Investors and market watchers have traditionally analyzed liquidity, or the overall ease with which assets can be traded, as a two-dimensional tradeoff between price and time: An investor either accepts a worse-than-desired price in order to trade a set quantity immediately, or she waits to execute the trade later at a better price.
But this canonical price-time tradeoff might not always offer the best approach to understanding liquidity, Professor Laurie Hodrick says. “The tradeoff might actually be between quantity and time. Or the tradeoff may be between quantity and price,” she says. In such instances, liquidity reflects not only the dimensions of price and time, but also quantity.
“We think of the mutual-fund portfolio manager as the archetypal investor, limited by both what she needs to attain and the ease with which she can attain it,” Hodrick explains. For example, timing will be a key consideration for a fund manager facing redemptions — when investors want to cash out shares. The manager will not necessarily sell a given set of assets at whatever price she can get — she will look at her portfolio and current market prices and, based on that, pick and choose what and how much to sell.
“Contrast that with the idea of ‘this exact amount of this exact asset is the amount I have to sell — no more, no less,’” Hodrick says. “Depending on how binding other constraints are, if the terms are bad enough a portfolio manager may not trade some assets at all. It may simply be that when she runs the optimization, her most rational course might be to not trade.”
For some types of investors, quantity may not be an important factor. For example, a value investor will be much more concerned with long-term value and price. But for others, quantity is a dominant consideration. Hodrick worked with Pamela Moulton, PhD ’03, of Fordham University to create a model of investor dynamics that incorporates quantity as a variable in asset trading.
“Our model explores a three-dimensional concept of liquidity: ‘I want it, I want it now, I want it at a good price,’” Hodrick says. The model yields new insights about liquidity and other considerations that all investors — from the sophisticated active portfolio manager to the relatively uninformed index-fund manager — take into account in their attempts to optimize their trades. “Things that looked funny under previous models now look very consistent with rational, maximizing behavior.”

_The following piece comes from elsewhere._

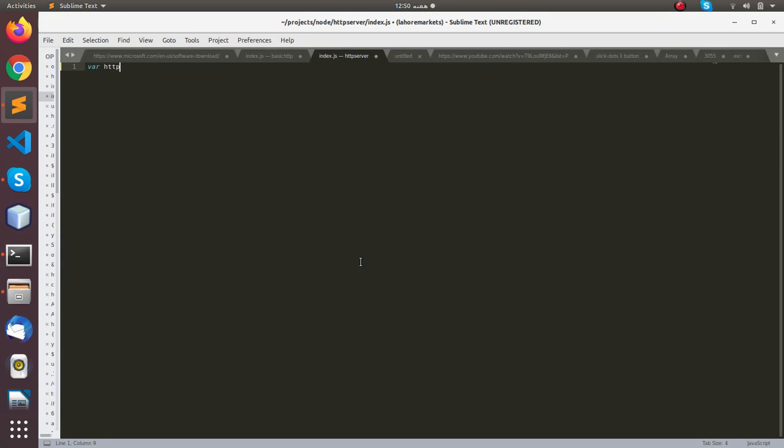The first thing we are going to do is to require a built-in module that is called HTTP. This module is built into Node.js, so you don't need to install it via npm.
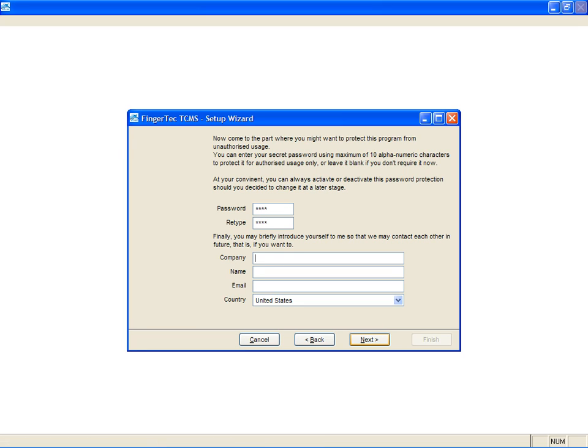Next is to input details of your company in the software. Insert your company name, contact person, email, and country in the fields provided.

Consider, for example, index reconstitution, which is wholly predictable because there is no asymmetric information — a portfolio manager is simply replicating an index of securities without regard to what he may know about the particular assets that make up the index. But even reconstitution creates important liquidity considerations for portfolio managers, who often trade illiquid securities in advance of reconstitution. This may cause tracking error (under- or over-performance compared with the index) because it produces variations that don’t perfectly replicate the index. “But the managers are anticipating what they need to trade, obtaining the desired quantity at what they regard as a good price,” Hodrick says. “This is a behavior that earlier models did not allow for.”
Including quantity as a decision variable illuminates how investors try to optimize their portfolios. “Changing one choice variable in the investor’s maximization can make you think differently about many things,” Hodrick says. “It affects everything and everyone. It changes how prices are set by market makers. The informed investor faces different prices because of the uninformed investor’s maximization. The equilibrium in the market as a whole can look very different.”
Laurie Simon Hodrick is the A. Barton Hepburn Professor of Economics in the Faculty of Business in the Finance and Economics Division at Columbia Business School.